* Given data *
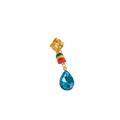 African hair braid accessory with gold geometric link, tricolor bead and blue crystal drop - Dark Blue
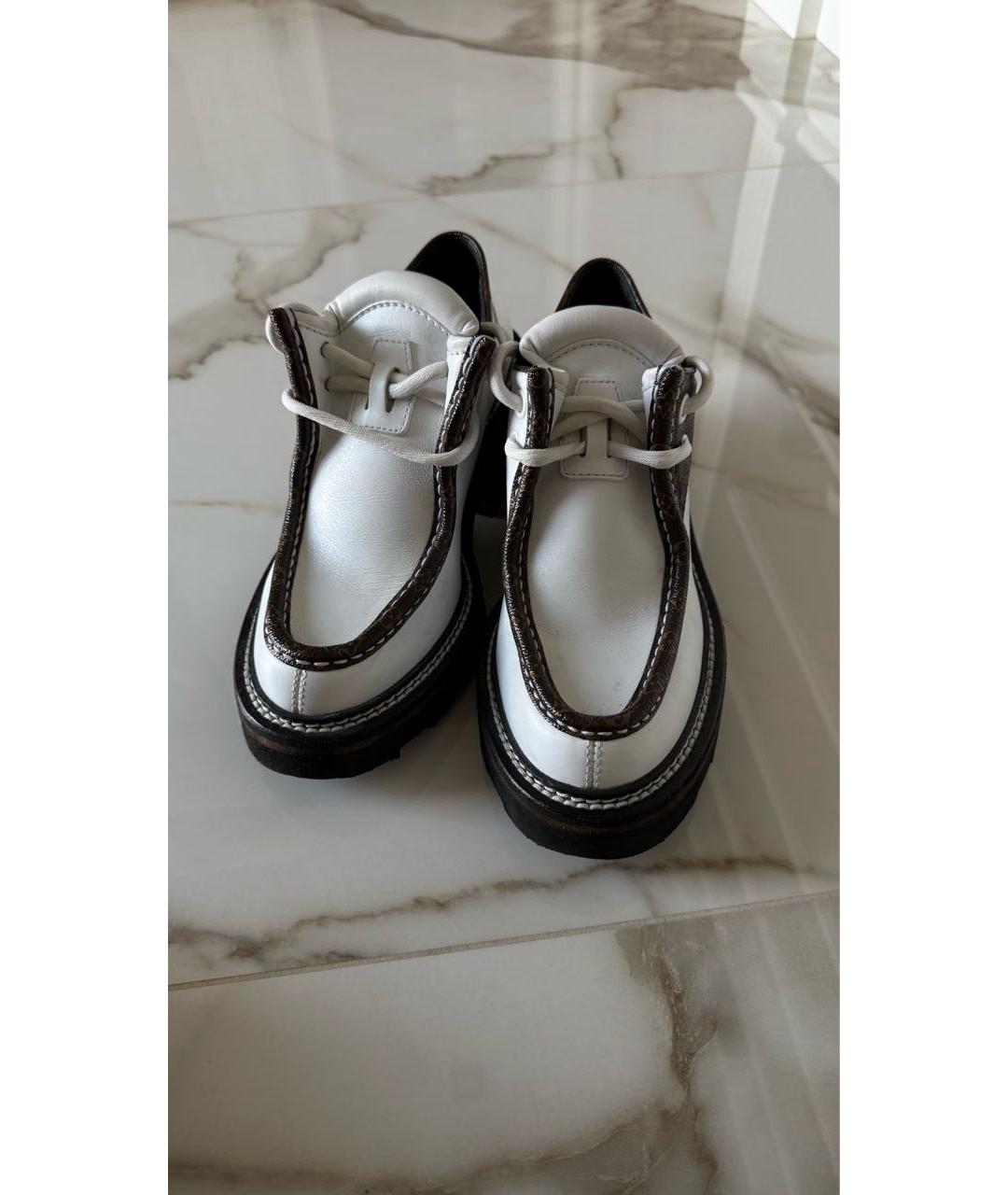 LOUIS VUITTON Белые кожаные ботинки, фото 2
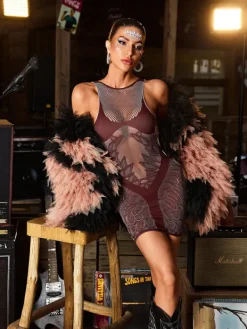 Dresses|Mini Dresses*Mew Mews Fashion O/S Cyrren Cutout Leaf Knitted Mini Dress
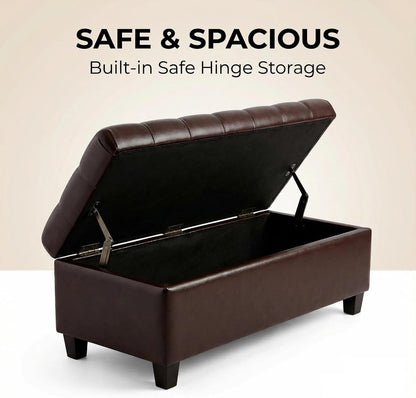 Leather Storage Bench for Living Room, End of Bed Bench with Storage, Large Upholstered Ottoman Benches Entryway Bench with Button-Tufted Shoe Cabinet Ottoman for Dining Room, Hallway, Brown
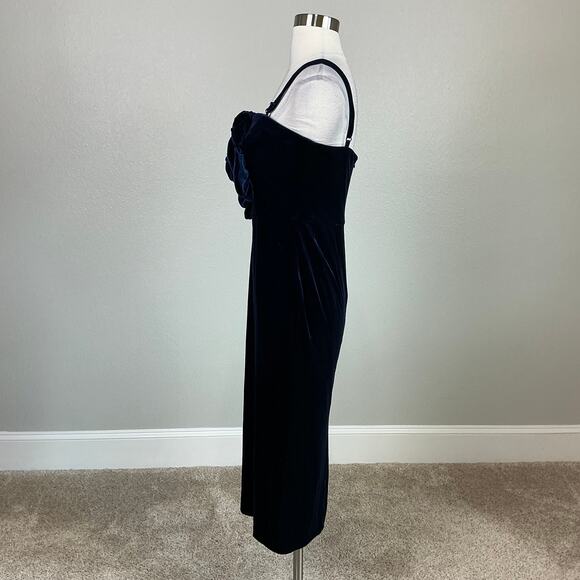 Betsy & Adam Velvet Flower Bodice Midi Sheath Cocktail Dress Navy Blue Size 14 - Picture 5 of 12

* * *

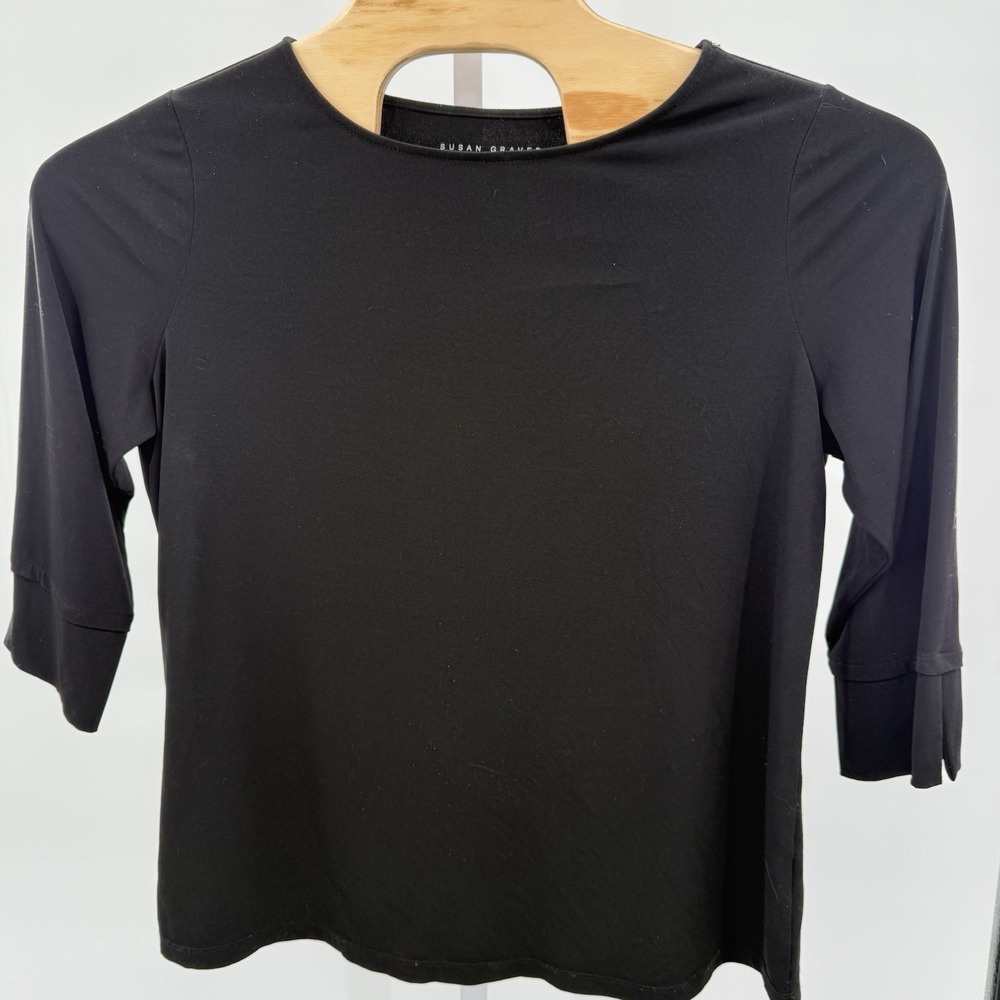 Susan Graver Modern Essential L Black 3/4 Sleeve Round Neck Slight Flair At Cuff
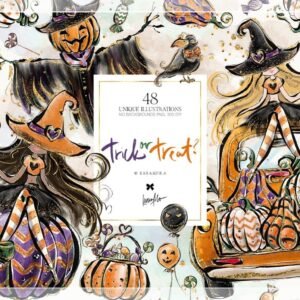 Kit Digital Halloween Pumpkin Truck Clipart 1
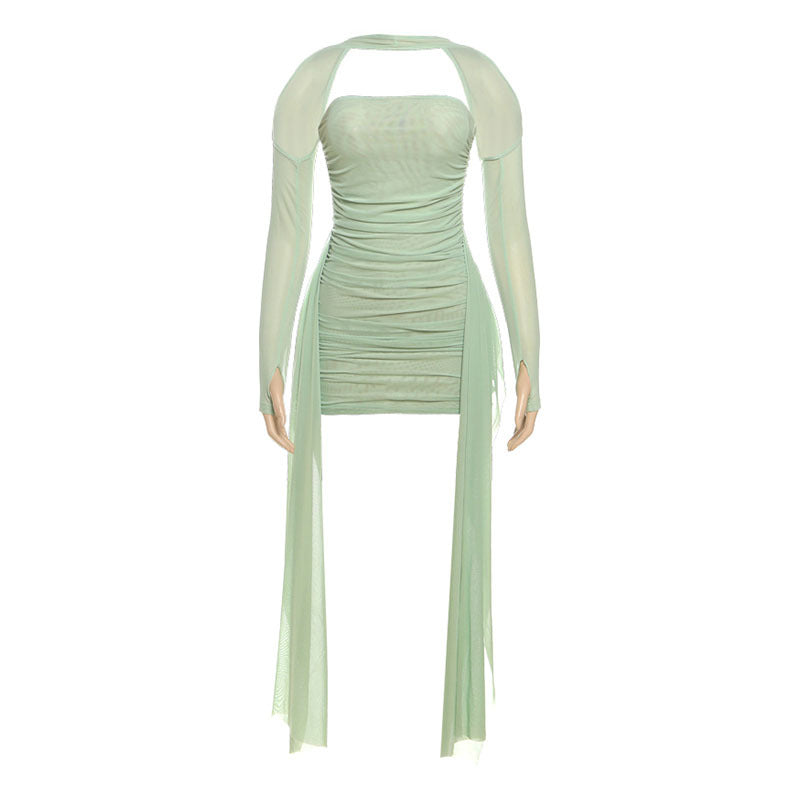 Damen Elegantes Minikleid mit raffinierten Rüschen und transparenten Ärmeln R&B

* Problem to work on *
The output is the stretch above from the line with "Leather Storage Bench" through the line with "Betsy & Adam", copied word for word with both ends kept and every picture dropped.

* Result below *
 Leather Storage Bench for Living Room, End of Bed Bench with Storage, Large Upholstered Ottoman Benches Entryway Bench with Button-Tufted Shoe Cabinet Ottoman for Dining Room, Hallway, Brown
 Betsy & Adam Velvet Flower Bodice Midi Sheath Cocktail Dress Navy Blue Size 14 - Picture 5 of 12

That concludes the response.